The acidic peat bogs and mosslands around Manchester and Liverpool were home to the country’s biggest colonies of large heath butterflies – known as the “Manchester argus” – but numbers plummeted as land was drained for agricultural land and peat extraction.
Conservationists from Lancashire Wildlife Trust are now looking to reverse the fortunes of this rare butterfly by restoring a 37-hectare area of peatland between Wigan and Salford where they have recreated habitats of sphagnum moss, cross-leaved heath and hare’s-tail cottongrass on which the butterflies depend.
Last summer, staff collected six female butterflies from a population at Winmarleigh moss near Garstang and took them to Chester zoo. The caterpillars spent winter feeding on cotton grass and 45 hand-reared pupae are now being released on to a secret site where they will be kept in protected tents while they emerge from their pupae.
Conservationists are going into the tent to check them two or three times a day, releasing any butterflies as they emerge.
Heather Prince, who is part of Chester zoo’s invertebrate team, said: “Breeding and rearing butterflies in an incredibly delicate process that requires a fine balance of conditions at each part of their life cycle. Countless hours have been spent inside our specialised breeding centre nurturing the tiny eggs, rearing the larvae and caring for their host plants as well as monitoring their final pupation period.
“It will be incredibly rewarding to see large heath butterflies fluttering around in their new home – a place where they’ve been missing for more than 100 years – and know that we’ve contributed to preventing their extinction in this area.”
The butterflies rarely fly more than 650m from where they are born so were unlikely to colonise the area alone.
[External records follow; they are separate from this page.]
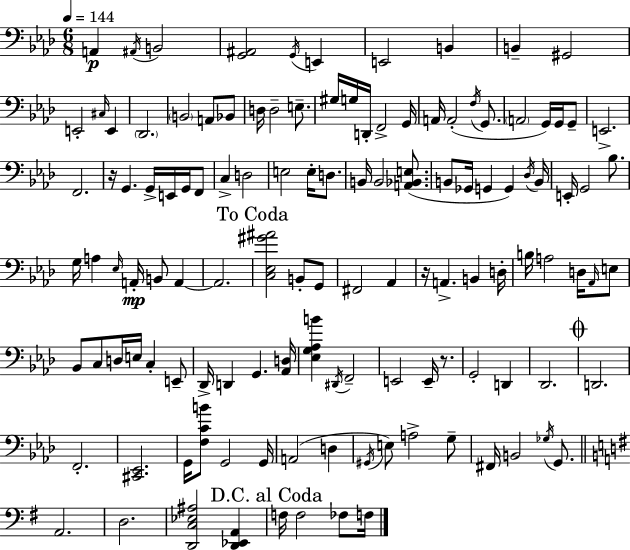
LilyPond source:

{
  \clef bass
  \numericTimeSignature
  \time 6/8
  \key f \minor
  \tempo 4 = 144
  a,4\p \acciaccatura { ais,16 } b,2 | <g, ais,>2 \acciaccatura { g,16 } e,4 | e,2 b,4 | b,4-- gis,2 | \break e,2-. \grace { cis16 } e,4 | \parenthesize des,2. | \parenthesize b,2 a,8 | bes,8 d16 d2-- | \break e8.-- gis16 g16 d,16-. f,2-> | g,16 a,16 a,2-.( | \acciaccatura { f16 } g,8. \parenthesize a,2 | g,16) g,16 g,8-- e,2.-> | \break f,2. | r16 g,4. g,16-> | e,16 g,16 f,8 c4-> d2 | e2 | \break e16-. d8. b,16 b,2 | <a, bes, e>8.( b,8 ges,16 g,4 g,4) | \acciaccatura { des16 } b,16 e,16-. g,2 | bes8. g16 a4 \grace { ees16 } a,16-.\mp | \break b,8 a,4~~ a,2. | \mark "To Coda" <c ees gis' ais'>2 | b,8-. g,8 fis,2 | aes,4 r16 a,4.-> | \break b,4 d16-. b16 a2 | d16 \grace { aes,16 } e8 bes,8 c8 d16 | e16 c4-. e,8-- des,16-> d,4 | g,4. <aes, d>16 <ees g aes b'>4 \acciaccatura { dis,16 } | \break f,2-- e,2 | e,16-- r8. g,2-. | d,4 des,2. | \mark \markup { \musicglyph "scripts.coda" } d,2. | \break f,2.-. | <cis, ees,>2. | g,16 <f c' b'>8 g,2 | g,16 a,2( | \break d4 \acciaccatura { gis,16 } e8) a2-> | g8-- fis,16 b,2 | \acciaccatura { ges16 } g,8. \bar "||" \break \key g \major a,2. | d2. | <d, c ees ais>2 <d, ees, a,>4 | \mark "D.C. al Coda" f16 f2 fes8 f16 | \break \bar "|."
}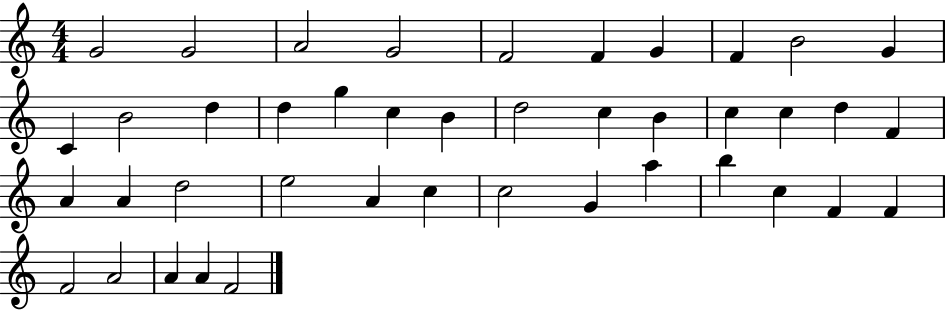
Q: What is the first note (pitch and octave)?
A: G4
Alan Wright, communications manager at the Wildlife Trust for Lancashire, Manchester and North Merseyside, says he hopes there will be a good colony here in the next 10 years.
He said: “In Victorian times there were literally thousands of these butterflies in the mossy areas around Manchester. This reintroduction part of a wider effort to get native wildlife back in the right areas … It just seemed right that if we could get Manchester’s butterfly back to the mosses that’s something we should do. Everyone here is absolutely over the moon about this.”
Peat extraction means these boggy areas are up to 20 feet lower than they were a century ago and this reintroduction is part of a bigger project to restore greater Manchester’s heavily degraded wetlands. Other species set to be reintroduced include bog bush cricket, white-faced darter dragonfly and carnivorous sundew.
The 2019 State of Nature report found 41% of UK butterfly species had declined with one in 10 at risk of extinction. Jo Kennedy, a project coordinator at Lancashire Wildlife Trust, said: “Across our region we have lost 98% of our lowland raised bogs, creating a huge hole in our biodiversity. To function as a healthy ecosystem, we need a tapestry of different and connected habitats each supporting a variety of plants and animals.”
There are a few isolated populations of large heath butterflies remaining in England and Wales and larger populations in Scotland.
This follows the successful reintroduction of large heath butterflies to Heysham Moss in Lancashire between 2014 and 2016, and conservationists are now planning to reintroduce the butterflies to Risley Moss in Cheshire.